Aktuell: Eintracht Frankfurt | Fußball-News | Blockupy | Ukraine | Polizeimeldungen Frankfurt/Rhein-Main

Wissen
Nachrichten aus Wissenschaft und Bildung

05. September 2012

Handelsblatt-Ranking: 300 Professoren boykottieren Ranking

 Von 
Zu viele Zahlen, zu wenig echte Werte: Die Kritik an Hochschulrankings nimmt zu. Foto: imago stock&people

Nächsten Montag veröffentlicht das Handelsblatt sein neues BWL-Ranking. Doch die Aussagekraft dürfte deutlich eingeschränkt werden: Gut 300 BWL-Professoren wehren sich gegen die Bewertung - und sprechen in einem offenen Brief von Manipulation.

Drucken per Mail

Die Hochschullehrer fordern vom Handelsblatt, aus sämtlichen Rankings gestrichen zu werden.

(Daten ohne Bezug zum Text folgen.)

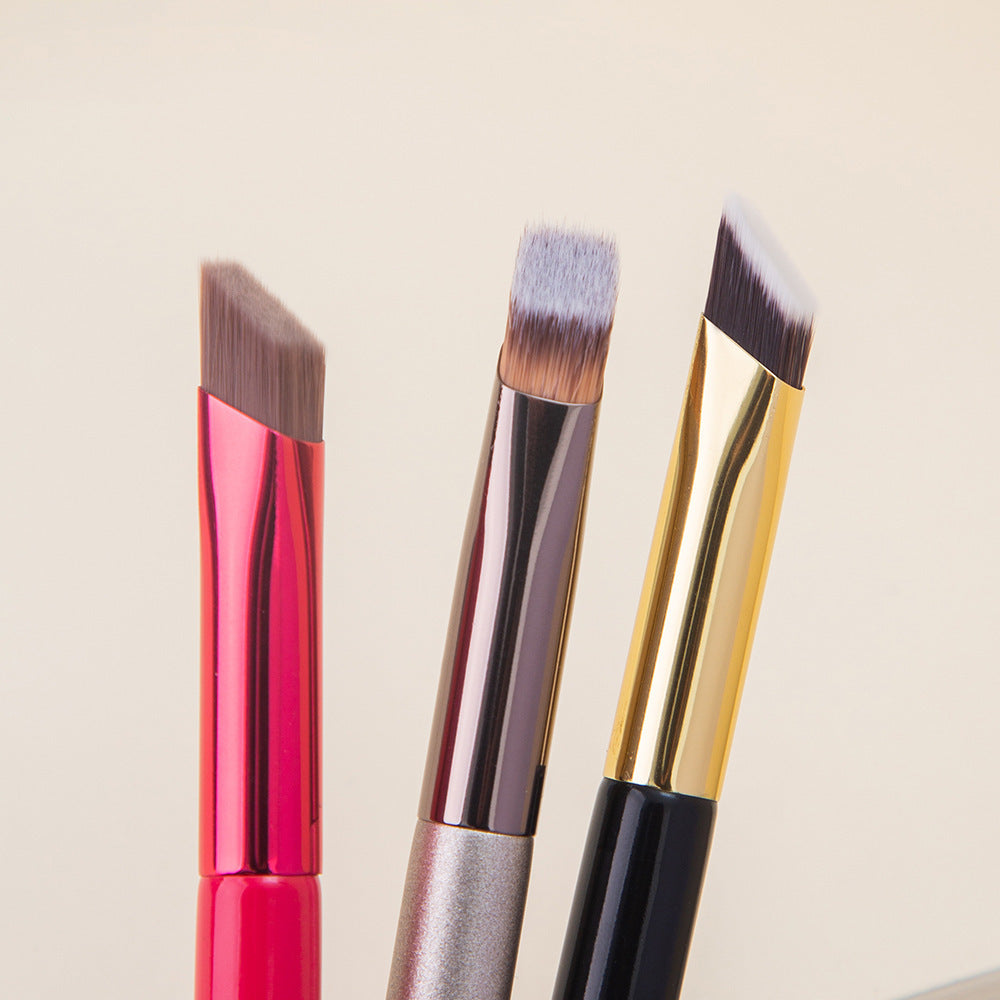 3D Eyebrow Brush & Hairline Filler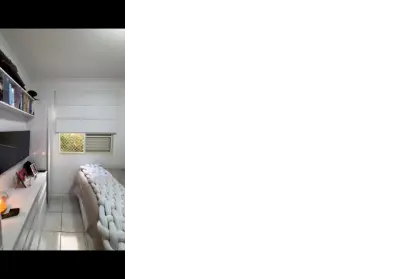 Imagem: Apartamento para Venda, Jardim Martins Silva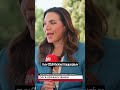 Κεφαλογιάννη: «23,6 δισ. ευρώ το 2025» — Ο ελληνικός τουρισμός αισιοδοξεί παρά τον πόλεμο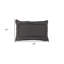 Housse de coussin décoratif tissé 100% coton Avery-1555302247-1555302248-1598764965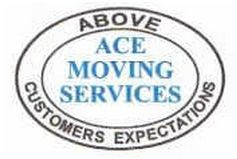 ACE Moving Services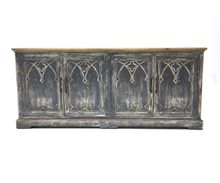 Product image of LABORATORY MY HOME დესაო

In einem offenen Brief kritisieren sie die "Eindimensionalität der Leistungsmessung", die ausschließlich auf Publikationen in Zeitschriften basiert. "Rankings des Forschungsoutputs, besonders solche, die eine Öffentlichkeitswirkung entfalten, führen indirekt zu einer Abwertung von Tätigkeiten außerhalb der Forschung", heißt es in dem dem Aufruf zum Boykott, den am Dienstagabend bereits 305 Professoren aus ganz Deutschland unterzeichnet hatten.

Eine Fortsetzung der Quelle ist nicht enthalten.